Garden Detective: What attacked those sprinkler heads?

Published: Saturday, Aug. 24, 2013 - 12:00 am

I live in Davis and have found two sprinkler heads eaten by a rodent down to the riser pipe. What kind of rodent is it? How can I prevent them from eating the sprinkler heads?

– Stan Naguwa, Davis

It’s important to identify your pest before taking action, according to UC master gardeners. Most likely, it’s a squirrel or vole.

Voles, also called meadow mice, are mouselike rodents somewhat similar in appearance to pocket gophers. Although voles spend considerable time above ground, most of their time is spent below ground in their burrow system.

The clearest signs of their presence are the well-traveled, above-ground runways that connect burrow openings; the runways are usually hidden beneath a protective layer of grass or other ground cover.

Voles are active day and night, year round. They’ll chew almost anything – including drip irrigation lines and sprinkler heads. They are normally found in areas with dense vegetation. To prevent vole damage, you need to manage the population in an area before it reaches high numbers. This often can be achieved by removing or reducing the vegetative cover.
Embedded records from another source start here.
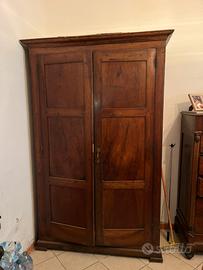 Stipone in noce massello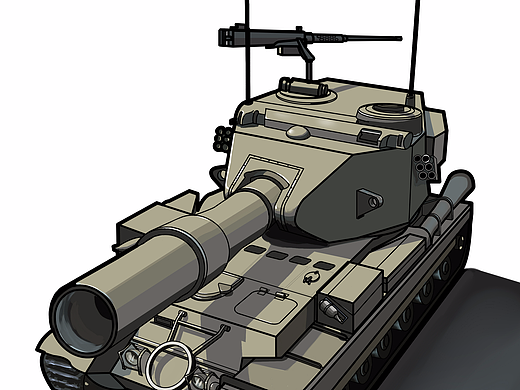 口径即是正义~我爱WOT（个人主页-ZMjM4MTU5NjQ=） - 创作习作 - 站酷设计师杨豆逗原创素材 - 站酷ZCOOL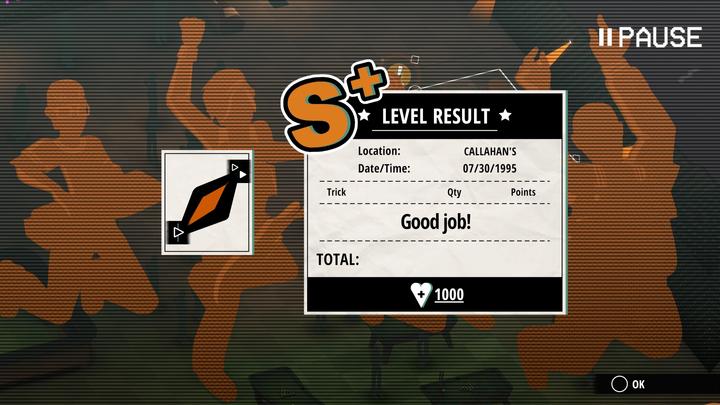Actual product image Clear River Games Backbeat (PS5)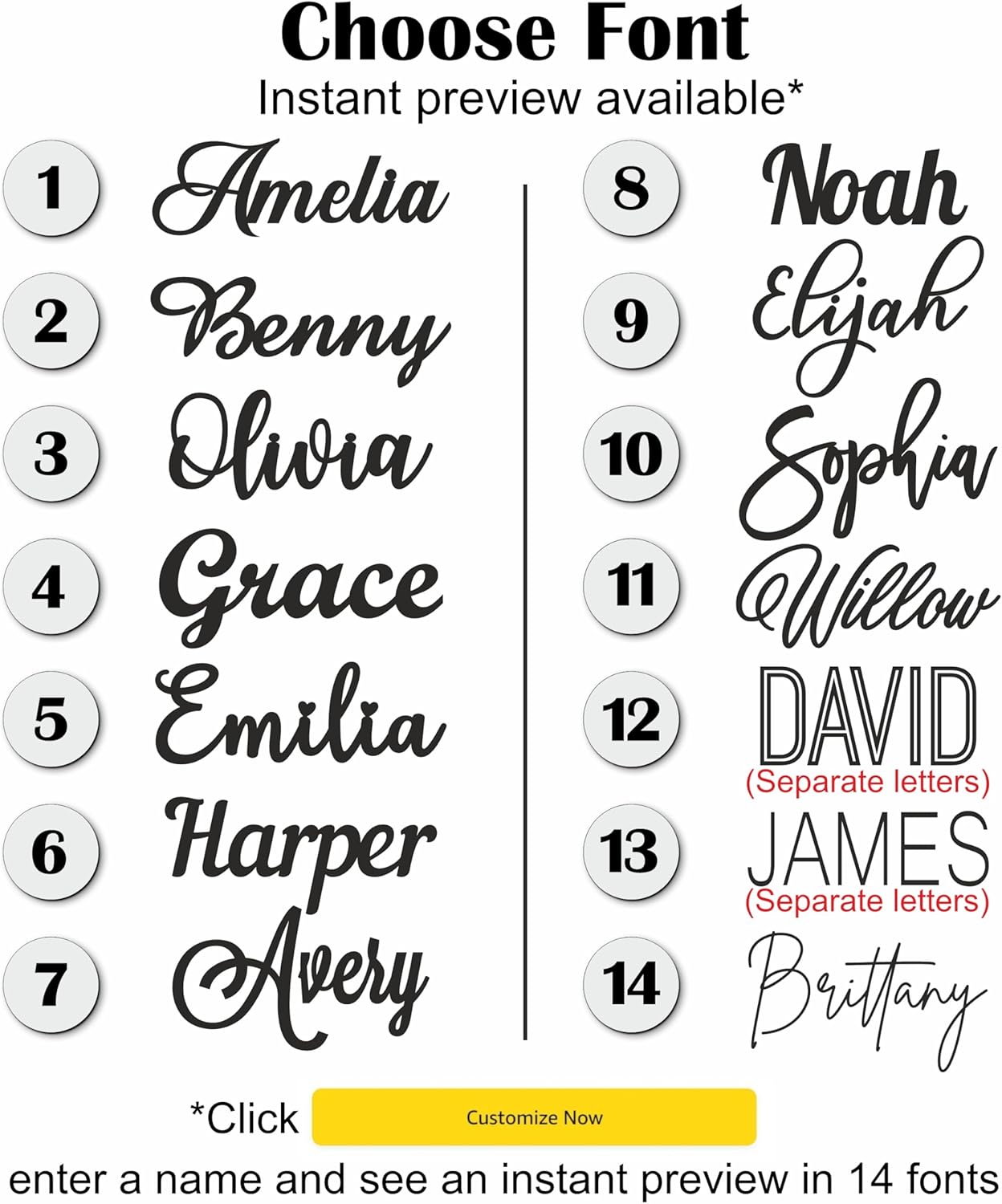 Wooden Name Signs for Nursery Custom Baby Name Sign for Wall Name Signs Personalized Custom Name Sign for Nursery Name Wall Decor Personalized Name Signs for Kids Room (Single Name Sign)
Monitoring for their presence and modifying their habitat are essential. A wire fence at least 12 inches above the ground with a mesh size of one-quarter inch or less will help to exclude voles from entire gardens.

Trapping, baiting and repellents are also available. For extensive information on eradicating voles, go to www.ipm.ucdavis.edu and look for “Pest Note on Voles,” No. 7439. Or send a self-addressed, stamped business-size envelope to: Pest Notes, No. 7439, UC Cooperative Extension, 4145 Branch Center Drive, Sacramento, CA 95827.

A ground squirrel also may have chewed your sprinkler – particularly if you don’t see evidence of tunnels or runways. Although ground squirrels look similar to tree squirrels and can climb trees, when frightened they will retreat to a burrow, whereas tree squirrels will climb a tree or tall structure and not use a burrow.

Tree squirrels are distinguished from ground squirrels by their long bushy tails and lack of flecklike spots or stripes. Ground squirrels can create havoc by digging lots of holes.

There is no question that dealing with squirrels can be a real problem. Squirrels are known to chew on plastic sprinkler heads and irrigation lines and will chew on wood.

With pet rabbits, a block of wood in their cage gives them something to work their teeth against. Perhaps a few small pieces of 2-by-4 in your yard would cause the squirrels to leave the sprinklers alone.

Anything citrus – particularly lemon – helps keep squirrels away. So does cayenne pepper. Grannick’s Bitter Apple spray, available at PetSmart and other major chains, is a proven squirrel repellent and is safe for sprinklers and other things squirrels might chew, such as patio furniture and cushions.

If ground squirrels are a problem in your yard, additional information on their control can be found in the “Ground Squirrel Pest Note” at www.ipm.ucdavis.edu. For a copy of this pest note, please send a self-addressed, stamped business-size envelope requesting PN 7438 at the above address.